こうして、いよいよDデイに向けた準備が整いつつあった。
そして『オーバーロード』作戦のうち、具体的なノルマンティー海岸への上陸作戦である『ネプチューン』作戦の、連合軍の編成(戦闘序列)と進撃予定は以下の通りであった。
陸上部隊の主力は、地上軍総指揮官の英軍モントゴメリー大将(のち元帥)指揮下に第21軍集団が組織され、米陸軍のオマー・ブラッドレイ中将(のち元帥)率いる米第1軍と英陸軍のマイルズ・デンプシー中将(のち大将)旗下の英第2軍である。
米第1軍は第5軍団と第7軍団からなり、英第2軍は第1軍団と第30軍団で編成されていた。

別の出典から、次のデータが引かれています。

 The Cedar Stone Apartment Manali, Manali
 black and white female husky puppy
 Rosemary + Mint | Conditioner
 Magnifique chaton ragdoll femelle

これらの各部隊の、上陸第一波と第二波の兵力の合計は12個師団であった。更に、上陸前夜に東部地区には英第6空挺師団、西部地区の後方には米第101空挺師団と第82空挺師団の3個空挺師団が、落下傘・グライダー降下を実施する予定であった。
【第21軍集団】戦闘序列 1944年6月6日現在 旅団以下や軍や軍団の支援部隊等は省略
■米第1軍
●第5軍団 ・第1歩兵師団 ・第2歩兵師団 ・第29歩兵師団
●第7軍団 ・第4歩兵師団 ・第9歩兵師団 ・第90歩兵師団 ・第82空挺師団 ・第101空挺師団
■英第2軍
●第1軍団 ・第3歩兵師団 ・第3カナダ歩兵師団 ・第51歩兵師団 ・第6空挺師団
●第30軍団 ・第50歩兵師団 ・第49歩兵師団 ・第7機甲師団
英海軍のバートラム・ラムゼー提督(大将)指揮下に編成された海軍部隊は、米第1軍に協力するのが西方海軍任務部隊で、英第2軍に協力するのは東方海軍任務部隊である。その他の予備艦艇も含めて、戦闘艦艇が約1,200隻、上陸用舟艇などの揚陸艦艇が約4,000隻、その他の商船等も含めると参加数は7,000隻にのばった。

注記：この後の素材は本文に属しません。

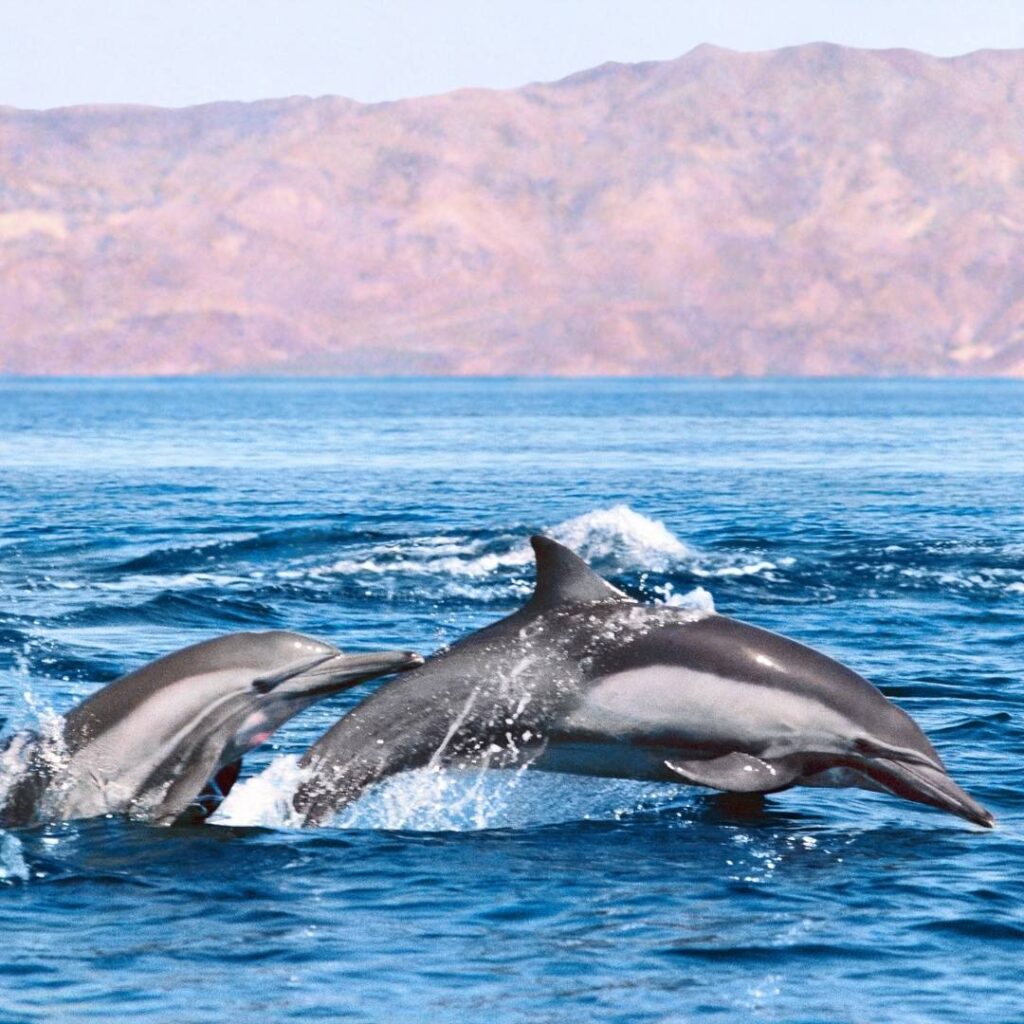 common dolphins palying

空軍戦力は、英空軍のトラフォード・リー・マロリー大将の指揮下に、米第9航空軍と英第2戦術航空軍合わせて11,600機が準備された。更に米第8航空軍や英空軍の爆撃コマンドなども一時的に指揮下に入り、また独軍を爆撃するために合計約5,000トンの爆弾が準備されたという。
主要作戦目標は、上陸後17日~20日以内にノルマンディー地方のサン・ローからコタンタン半島の最北端にある港湾都市シェルブール及びノルマンディー地方の東部地区にある交通の要衝カーンを占領することであった。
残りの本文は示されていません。